Implications of the timing of onset of cardiogenic shock after acute myocardial infarction: a report from the SHOCK Trial Registry

John G. Webb, MD, FACCa, Lynn A. Sleeper, ScD{dagger}, Christopher E. Buller, MD, FACC{ddagger}, Jean Boland, MD§, Angela Palazzo, MD||, Elizabeth Buller, RNa, Harvey D. White, DSc, Judith S. Hochman, MD, FACC|| for the SHOCK Investigators

a St. Paul’s Hospital, Vancouver, British Columbia, Canada
{dagger} New England Research Institutes, Watertown, Massachusetts, USA
{ddagger} Vancouver General Hospital, Vancouver, British Columbia, Canada
§ CHR Citadelle, Liège, Belgium
|| St. Luke’s–Roosevelt Hospital Center, New York, New York, USA
Green Lane Hospital, Auckland, New Zealand

Manuscript received February 16, 2000; revised manuscript received June 2, 2000, accepted June 7, 2000.

Reprint requests and correspondence: Dr. John Webb, St. Paul’s Hospital, 1081 Burrard Street, Vancouver, BC, Canada V6Z 1Y6
webb{at}providencehealth.bc.ca


    Abstract
 Top
 Abstract
 Methods
 Results
 Discussion
 References
 
OBJECTIVES

We sought to examine the implications of the timing of onset of cardiogenic shock (CS) after acute myocardial infarction (MI).

BACKGROUND

Little information is available about the relationships between timing, clinical substrate, management and outcomes of shock.

METHODS

The multinational SHOCK Trial Registry enrolled MI patients with CS from 1993 to 1997. Cardiogenic shock was predominantly attributable to left ventricular (LV) failure in 815 Registry patients for whom temporal data were available.

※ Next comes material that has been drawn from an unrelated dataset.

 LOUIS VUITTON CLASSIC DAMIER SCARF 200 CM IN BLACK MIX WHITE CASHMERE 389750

We examined factors related to the timing of shock onset and the relation of temporal onset to in-hospital outcomes.

RESULTS

Overall, shock developed a median of 6.2 h after MI symptom onset. Shock onset varied by culprit artery: left main, median 1.7 h; right, 3.5 h; circumflex, 3.9 h; left anterior descending (LAD), 11.0 h; saphenous vein graft, 10.9 h (p = 0.025). Early shock (<24 h) occurred in 74.1% and was associated with chest pain at shock onset, ST-segment elevation in two or more leads, multiple infarct locations, inferior MI, left main disease and smoking. Late shock (≥24 h) was associated with recurrent ischemia, Q waves in two or more leads and LAD culprit vessel. Mortality was higher in patients with early versus late shock (62.6% vs. 53.6%, p = 0.022).

CONCLUSIONS

Shock onset after acute MI occurred within 24 h in 74% of the patients with predominant LV failure. Mortality was slightly higher in patients developing shock early rather than later. Many factors influence when shock develops, which has implications for its management.

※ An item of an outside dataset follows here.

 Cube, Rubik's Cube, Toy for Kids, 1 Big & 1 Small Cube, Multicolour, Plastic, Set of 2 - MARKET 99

Abbreviations and Acronyms
  AMI = acute myocardial infarction
  CS = cardiogenic shock
  CK-MB = creatine kinase (-MB fraction)
  ECG = electrocardiogram, electrocardiographic
  LAD = left anterior descending (artery)
  LV = left ventricular, left ventricle
  PTCA = percutaneous transluminal coronary angioplasty
  RV = right ventricular, right ventricle
  SHOCK = SHould we emergently revascularize Occluded Coronaries for cardiogenic shocK?

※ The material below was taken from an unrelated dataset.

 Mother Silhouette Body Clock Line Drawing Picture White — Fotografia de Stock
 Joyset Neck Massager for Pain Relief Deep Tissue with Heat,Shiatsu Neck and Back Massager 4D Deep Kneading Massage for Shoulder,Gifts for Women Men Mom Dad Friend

Cardiogenic shock (CS) is the major cause of mortality among patients hospitalized for acute myocardial infarction (AMI) (1–4). Yet, most patients who develop shock are not in shock when they first arrive at the hospital (1–3). Little information is available with respect to the timing of shock onset, and less is available about the relationships between timing, clinical substrate, management and outcome. What data are available are based on highly selected cohorts of shock patients (3,5).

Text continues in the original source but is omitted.